By Joao Costa

While traditional log monitoring solutions require manual rule-based analysis, novel AI methods leverage Natural Language Processing to model log streams and capture normal operating conditions. But between this novel dynamic approach and the well-established static rule matching monitoring, a complementarity can be much beneficial, enabling a powerful automated monitoring system that can detect abnormal situations and potential security threats without human intervention. In this blog post we will be discussing the innovative approach to runtime security monitoring in PIACERE.

To address the need for monitoring stack for the runtime conditions, so that the self-learning and self-healing mechanisms can be fed, PIACERE’s team extended the open-source security platform Wazuh to the needs and specificities of DevSecOps [1]. Based on this, we make available a monitoring system capable of detecting security-related events and incidents in the deployed application’s environment. It is (to the extent possible) deployable automatically and notifies users about security alerts.Wazuh agents are compatible with many platforms, including Windows, Linux, Mac OS X, AIX, Solaris, and HP-UX. The technology consists of Wazuh agents installed on machines, a Wazuh server that orchestrates the agents and collects their data, and an Elasticsearch database with a modified Kibana UI. Wazuh includes several modules, each with specific rules and thresholds for triggering alerts. When an alert is triggered, Wazuh can notify users or other components and generate evidence based on event-driven changes to metrics.

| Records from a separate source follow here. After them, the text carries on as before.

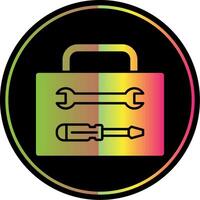 Tool Box Glyph Due Color Icon vector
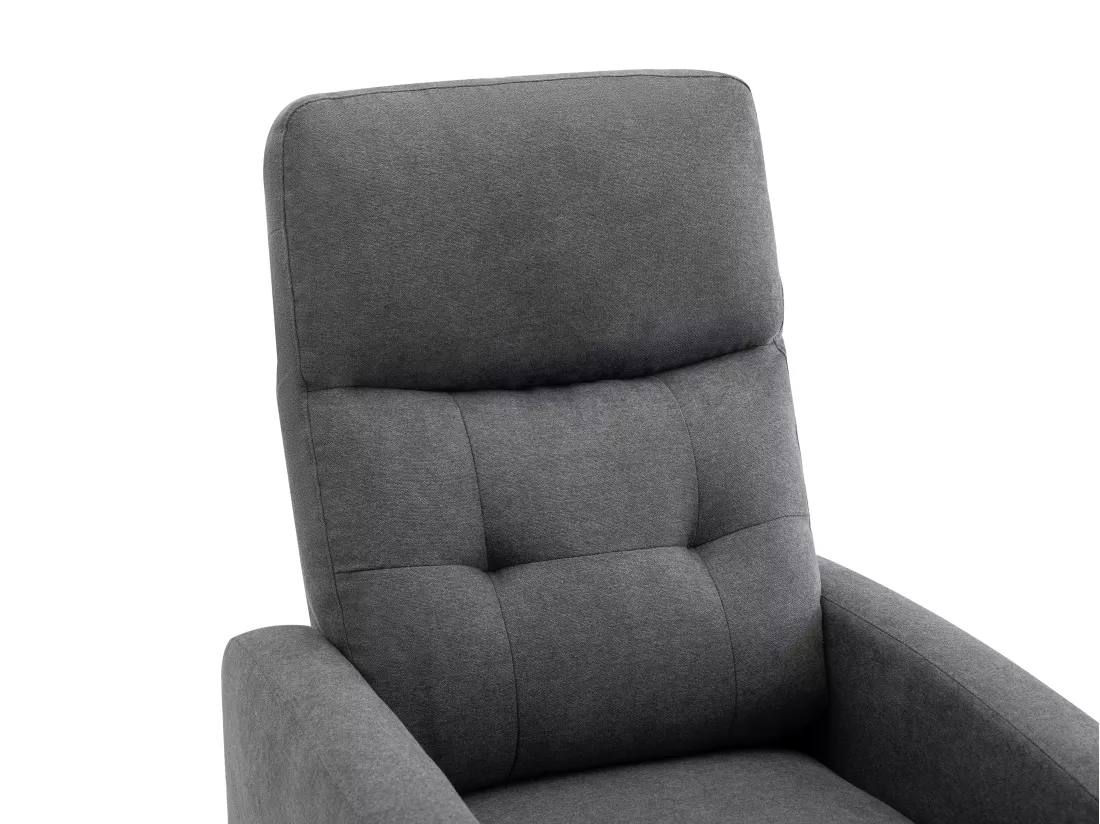 Fauteuil relax en tissu anthracite JARAMILO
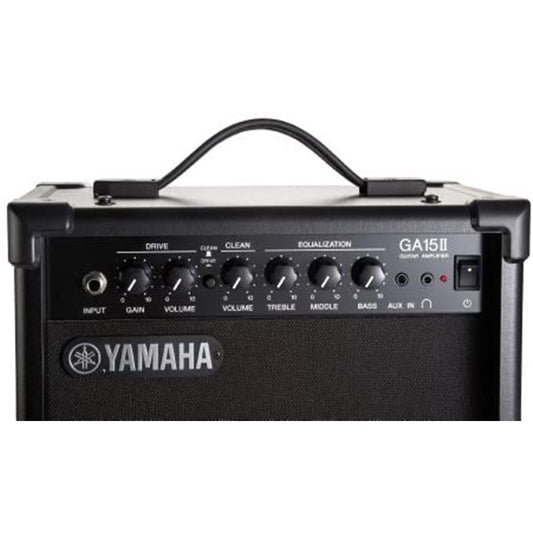 Yamaha GA15II 15 Watt Amp Twin Channel Electric Guitar Combo Speaker Amplifier (GA15 GA 15)
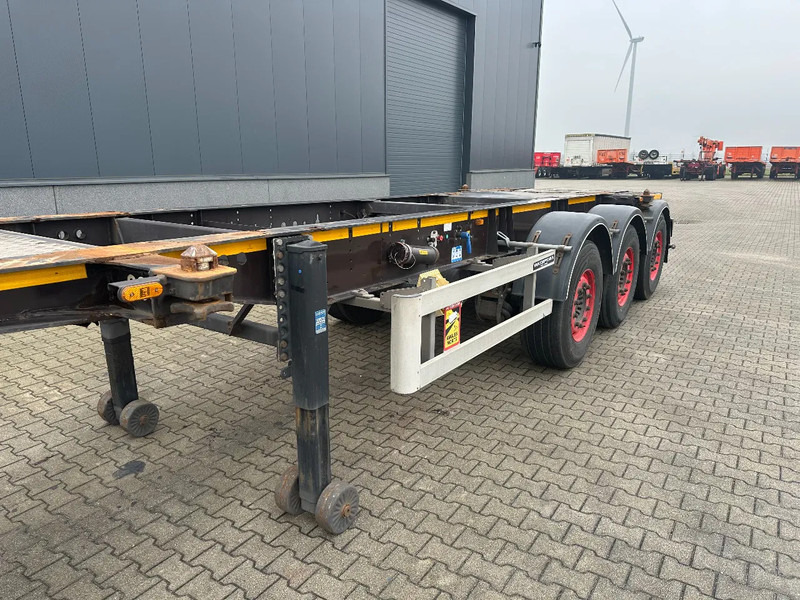 Container transporter/ Swap body semi-trailer Burg 20FT ADR (EX/II, EX/III, FL, AT), empty weight: 3.690kg, SAF INTRADISC, 2x liftaxle, ALCOA, NL-Chassis: picture 9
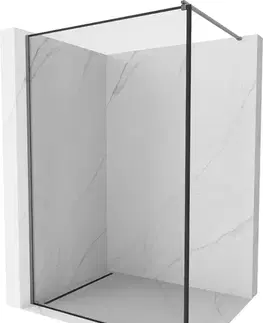 Sprchové dvere MEXEN/S - Kyoto Sprchová zástena WALK-IN 60 x 200, čierny vzor 8 mm, grafit kartáčovaná 800-060-101-66-70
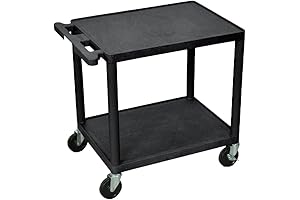 LUXOR LP26-B 26" Heat Press Cart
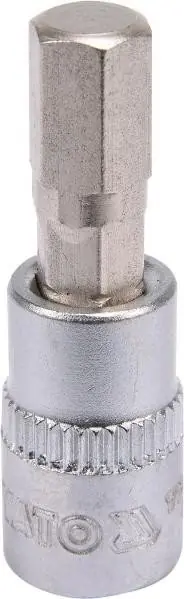 YAT • YT04374 Kärkihylsy Kuusiokolo / HEX, Koko 7, 1/4", Pituus 37 mm Erikoistarjous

In pair with the latter static rule matching approach, PIACERE has been further developing a novel LOg MOnitoring System (LOMOS) in order to identify patterns and anomalies in logs without manual pre-processing of raw unstructured data. It achieves this by identifying log templates that match logs and breaking them down into structured log templates according to a tree structure. LOMOS observes the sequence of templates to learn what is normal behaviour and provides an anomaly score for normal logs. The LOMOS dashboard displays date identified threats, their ranking, and calls for action. The system uses LogBERT algorithms [2], Drain for log template parsing [3], and OpenSearch or Grafana to set up alerts and send them to specific services. There is a training period and a monitoring period. LOMOS uses deep learning techniques to analyse system and application logs, providing insights on the status of monitored assets. It computes an anomaly score on sequences of log templates, applying Natural Language Processing (NLP) models to the template IDs, allowing for a more efficient and accurate log analysis.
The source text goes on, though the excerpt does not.